A flash thoracic aortogram showed a tortuous right intercostobrachial artery. Selective angiogram of this artery with Cobra 5F catheter showed evidence of contrast extravasation and pulmonary shunting. A micro catheter (Miraflex, Cook) was introduced co-axillary through 5F Cobra catheter and embolization was performed with PVA 500 – 710 µ successfully. An angiographic run after embolization of the right intercostobronchial artery showed complete obliteration of the right intercostobronchial artery (Figures 2 and 3).

Figure 2

Right intercostobronchial artery before embolization.

Figure 3

Right intercostobronchial artery after embolization.

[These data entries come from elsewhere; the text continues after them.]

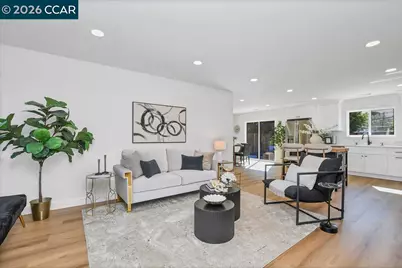 4395 Cabrilho Dr, Martinez, CA 94553 - Photo 4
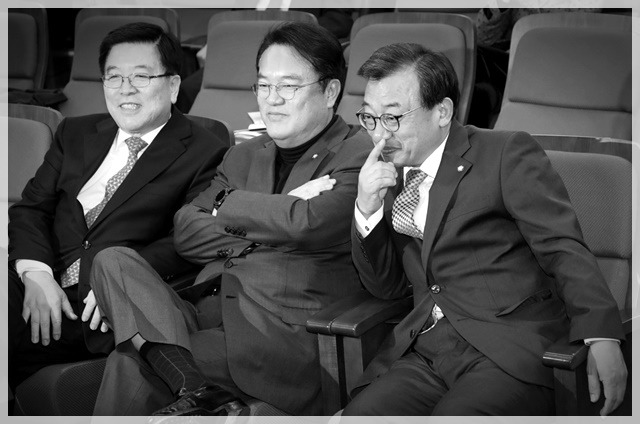 사진으로 보는 대한민국 정치 느와르 10년 (사진많음) | 인스티즈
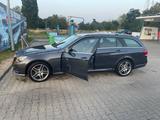 Mercedes-Benz E 200 ILS SCHECKHEFT MB 8-fach bereift AMG Räder - Mercedes-Benz E 200 in Leipzig
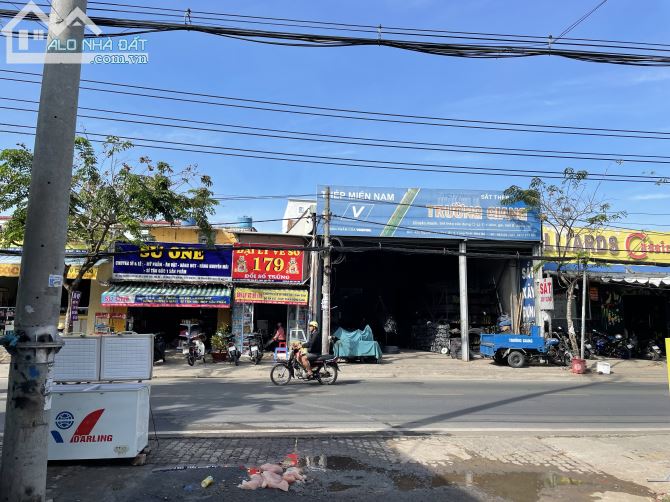 Bán nhà MT Nguyễn Văn Tạo 179m2 ngang 7,5x24m,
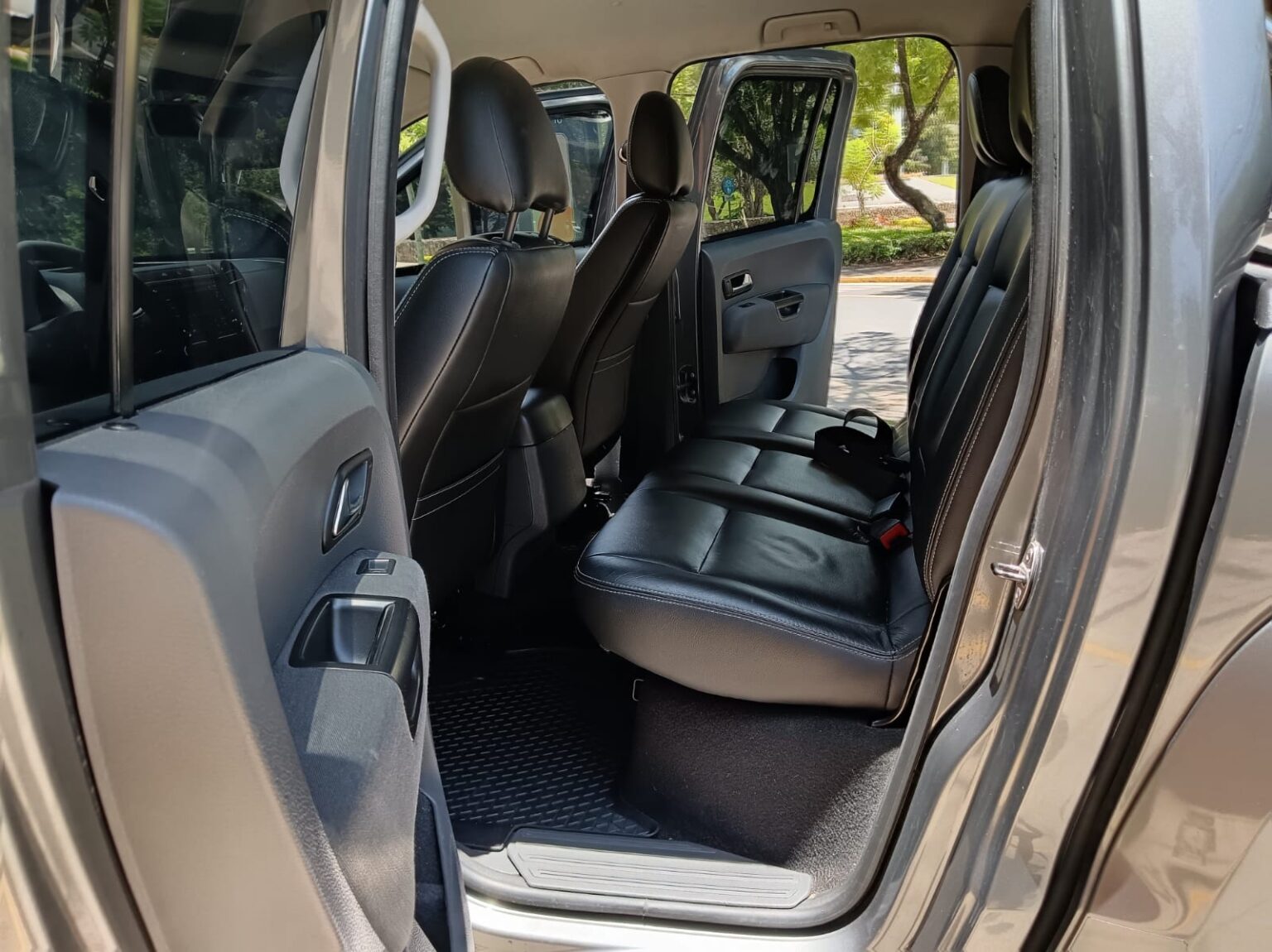 Volkswagen-Amarok-2014-blindado-306FPV (11)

Four months later, she was admitted again because of recurrent sub-massive hemoptysis. On admission, she had normal vital signs and the percutaneous oxygen saturation was 95% at room air. Physical examination was normal except for scattered wheezes on the lung auscultation. Repeated bronchial angiography showed normal bronchial artery and occluded right intercostobronchial artery. The right subclavian angiogram showed no evidence of lung supply by the internal mammary artery or other branches of this artery but lower thoracic aortogram revealed a systemic non-bronchial artery in the right lower lung and evidence of pulmonary shunting. Super-selective angiogram of this artery showed vascular distribution to lower esophagus and considerable supply of the right lower lung with pulmonary vascular shunting. Embolization of this non-bronchial systemic artery was performed with PVA 250 – 300 µ successfully with complete occlusion (Figures 4 and 5).

Figure 4

Non-bronchial artery before embolization.

Figure 5

Non-bronchial artery after embolization.

In the face of a lot of vascular networks that supply the esophagus, we were not concerned about a major complication.

The day after the embolization, she complained of right-sided pleuritic chest pain. On the second post-embolization day, the patient developed epigastric pain, odynophagia and dysphagia. A chest x ray was obtained providing no new findings. The laboratory tests were normal. The symptoms were managed conservatively and gradually abated. Four days later, she was discharged. At 40-day follow up, she was still symptom-free.

CONCLUSION

Bronchial artery embolization serves both as the first-line therapy for massive hemoptysis and also as a bridge to more definitive therapies targeted at the underlying etiology. Bronchial artery embolization has a high rate of immediate clinical success coupled with a low complication rate.

It can be repeatedly performed in case of hemoptysis recurrence and the associated angiography can elucidate alternative sources of hemoptysis such as non-bronchial systemic and pulmonary arteries.